Blindspotting” (2018)

This movie honestly blew my mind in every way possible, and it’s surprising to see it receive such little recognition. As someone who’s obsessed with films, this is one of my favourites because, even though it covers a heavy topic, it conveys the message in the most natural, lifelike way possible. In movies written and produced after the BLM events, people seem to be walking on eggshells when telling stories, scared to offend or hurt anyone, which is evident in the wording and character presentation.

However, “Blindspotting,” released in 2018, doesn’t care about who looks bad. It cares about the truth of the story and how it resonates with people.

I’ve loved Daveed Diggs since I watched Hamilton, and once again, he surprised me with his acting in this film. The rollercoaster between trauma, comedy, and pain filters through the film, but he always hits the mark. The acting by everyone was outstanding. Even in wordless scenes, the tone of the scenes hits our hearts.

For example, when the mother sees her son with a gun and wraps him in her arms, her cries speak for her. Each scene is beautiful and almost reminds me of the shots in Euphoria, with colour and symbolism. When I saw the scene with the graves and all the victims of society’s ignorance standing in front of it, it made every hair on my arm stand up.

It was a beautiful way of presenting harsh reality, and the most fantastic thing is that they didn’t have to explain it through speech. It’s there right in your face. I think directors need to do more of this now because it seems like every little idea can’t be shown anymore, and people need to be told.

That’s why the scenes in Blindspotting are so perfect and creative because every scene is a metaphor that speaks for itself.
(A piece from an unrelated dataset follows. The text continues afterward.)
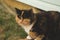 Adult brown cat portrait close up. domestic cat resting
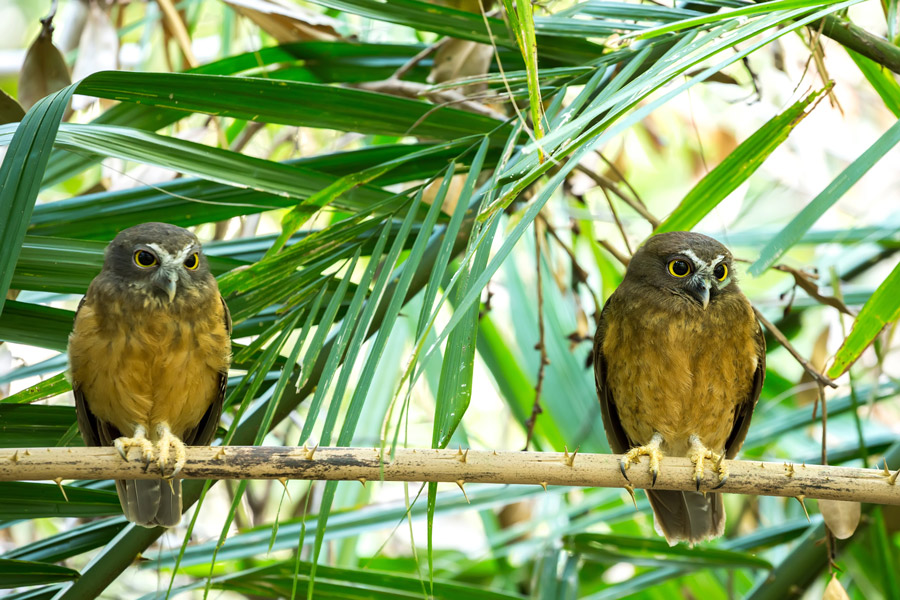 asia_indonesia_tangkoko_nature_reserve_gallery_ochre_bellied_boobook.jpg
It sets up the scenes that do have speech, like the breathtaking monologue at the end, to be powerful and memorable because it doesn’t get lost. Another aspect of the film that made me love it was the music.

Not the actual music but the running beat that seemed to follow the characters from the beginning to the very end. As if they were building up this beat through their running steps, alarms, and opening and shutting of doors and elevators. Even in his dreams, the movement of his arms in shackles was almost dance-like, going along with the sounds of the chains. All the way through to the point where he finally released all the lyrics he had been holding back throughout the whole film. The ideas and feelings he had kept hidden just flowed out at once at the end.

Although the words only came out at the end, the undertone of the beat reminds us that, behind the character’s silence, there was always the beat of his words following him. Overall, “Blindspotting” is incredibly unique in creativity, tone, and delivery.

The film is filled with culture and romance in many different forms. Even when discussing heavy topics, it’s true to the heart and expresses reality, not wrapped in a blanket that keeps viewers happy. It tells us things how they truly are and highlights hamartias that we need to fix.

Racism still exists and will never disappear completely, but if we keep making films like this that don’t hide reality, then we can hopefully enlighten people on ways we can help fix it. I couldn’t find any issues throughout the film, and I loved every second, every character, and every line. That’s why it’s in my top 10 all-time favourites.

Have you seen this movie? What did you think?

And what movie recently blew your mind?”